The accident and emergency unit at the birthplace of the NHS will be axed, Health Secretary Jeremy Hunt has confirmed.
Campaigners have fiercely opposed the closure of the A&E unit at Trafford General Hospital in Manchester.
But following a review of the plan by the Independent Reconfiguration Panel (IRP), Mr Hunt confirmed that the closure can go ahead - provided that nearby A&E departments consistently meet national waiting time targets.
The minister told the House of Commons that changes are "necessary to provide safe and sustainable healthcare in the North West". Health bosses in the region said the way services are delivered in Trafford and Manchester needs to be fundamentally changed.
The plans involve the removal of A&E services at Trafford General between midnight and 8am, and for the rest of the time the unit will be downgraded to an urgent care centre. It will eventually be downgraded to a minor injuries unit. Emergency surgery will no longer be provided at the site and the intensive care unit will shut.
Campaign group Save Trafford General has said the move makes "no sense". Local councillors also appealed to Mr Hunt to review the decision, saying they were concerned the plans were "principally financially motivated" and could put pressure on other hospital sites.

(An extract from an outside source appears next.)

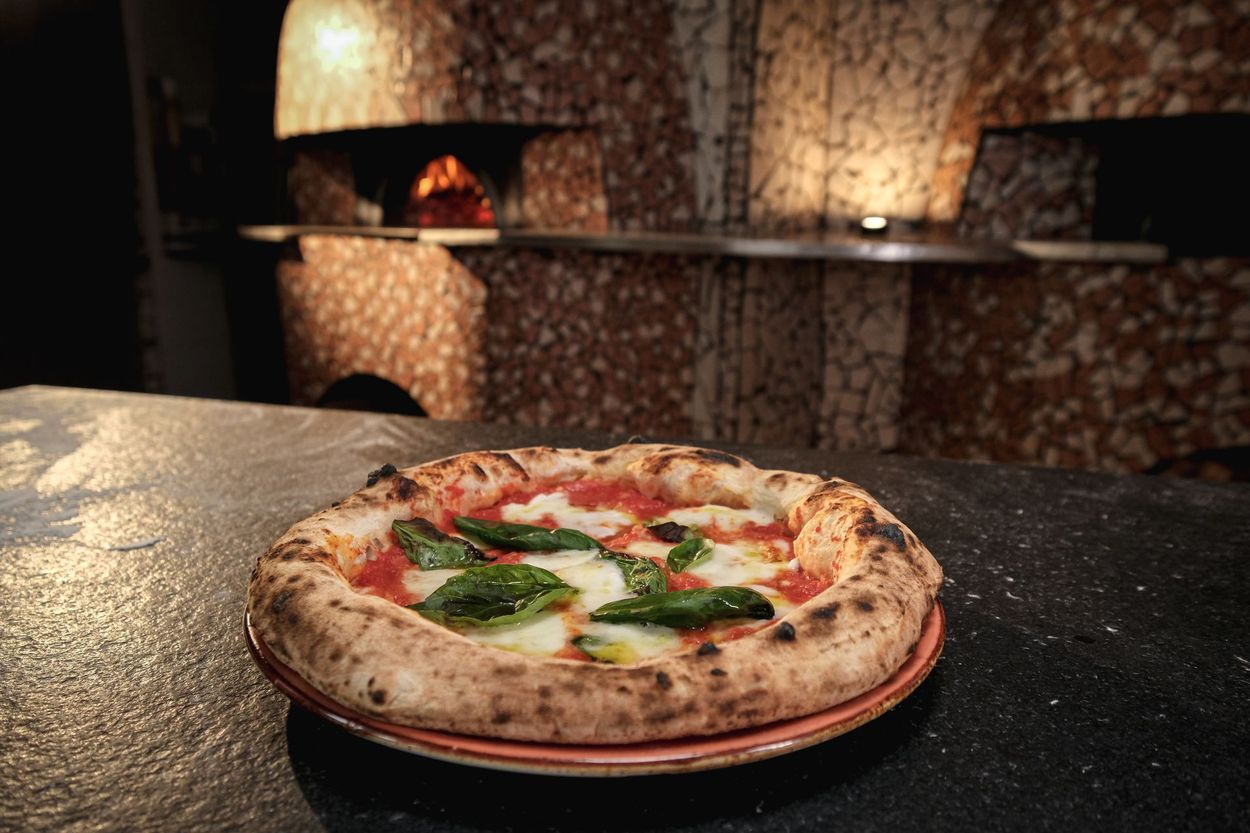Pizza con basilico e formaggio fuso su un piatto nero, su un tavolo scuro.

Mr Hunt referred the matter to the IRP, which concluded that the "clinical case for change is clear", MPs heard. Health bosses said the hospital has the second smallest A&E department in the country, with an average of six to 12 people using the service between midnight and 8am.
Last week celebrations were held at the hospital to mark the 65th anniversary of the NHS. Trafford General is known as the birthplace of the health service as it treated the first NHS patient in 1948.

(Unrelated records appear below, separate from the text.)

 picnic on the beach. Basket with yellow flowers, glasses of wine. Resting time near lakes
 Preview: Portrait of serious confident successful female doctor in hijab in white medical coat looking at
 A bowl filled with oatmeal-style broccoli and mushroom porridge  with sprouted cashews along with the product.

Matthew Finnegan, chair of the Save Trafford General campaign, said: "It is tearing the heart out of the hospital - the birthplace of the NHS - and that means that the hospital's future is in real danger. It will mean that patients will have to travel further and wait longer for treatment."
Mr Hunt also announced that planned changes to vascular services in Cumbria and Lancashire should proceed. Services in the region will now be housed in three specialist centres at North Cumbria University Hospital NHS Trust in Carlisle, East Lancashire Hospitals NHS Foundation Trust in Blackburn, and Lancashire Teaching Hospitals NHS Foundation Trust in Preston.
Mr Hunt told MPs: "Our primary objective as a Government must be for the NHS to provide the best service for patients. Sometimes that means making difficult decisions.
"Both of the decisions I am announcing today fall into that category. But both are necessary if we are going to provide safe and sustainable healthcare in the North West going forward."